Deutschland eine schwere Waffe für die Ukraine

Die Gewerkschaft erhöht den Druck auf Bundeskanzler Scholz – und setzt auf eine Ampelteilung

Zustand: 07:14 Lesezeit: 2 Minuten

“Beitrittsstatus ist nutzlos für Krieg”

Die Reise von Olaf Scholz nach Kiew sei ein “starkes politisches Signal”, sagt Ex-General Klaus Wittmann. Er sagt aber auch, dass dies die Versäumnisse bei der Unterstützung der Ukraine nicht kompensiere. Und er richtet eine klare Bitte an die Bundesregierung.

Die Gewerkschaft will Bundeskanzler Scholz (SPD) auffordern, der Ukraine mit schweren Waffen gegen Russland zu helfen. Bisher stecken alle Pläne dazu in der Ankündigungs- und Vorbereitungsphase. Die CDU/CSU übernimmt bewusst FDP-Positionen.

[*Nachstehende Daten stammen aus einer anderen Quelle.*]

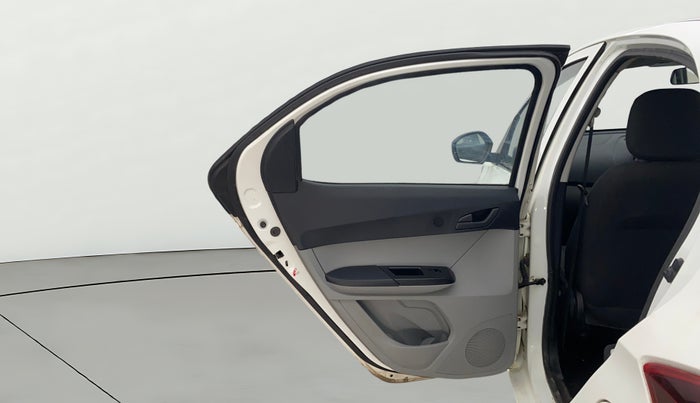 2022 Tata Tiago XM CNG, CNG, Manual, 24,609 km, LHS Rear Door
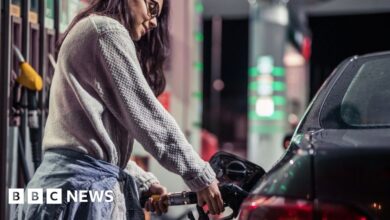 The average cost of fueling a car reaches £100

Unmittelbar nach dem Besuch von Bundeskanzler Olaf Scholz (SPD) in Kiew verstärkte die Union den Druck, schwere Waffen zu liefern. Für eine Regierungserklärung vor dem G-7-Gipfel von Scholz in Elmau am Mittwoch im Bundestag hat die Fraktion von HDZ und HSS einen Vorschlag vorgelegt, in dem die Regierung aufgefordert wird, endlich die versprochene militärische Ausrüstung zu liefern.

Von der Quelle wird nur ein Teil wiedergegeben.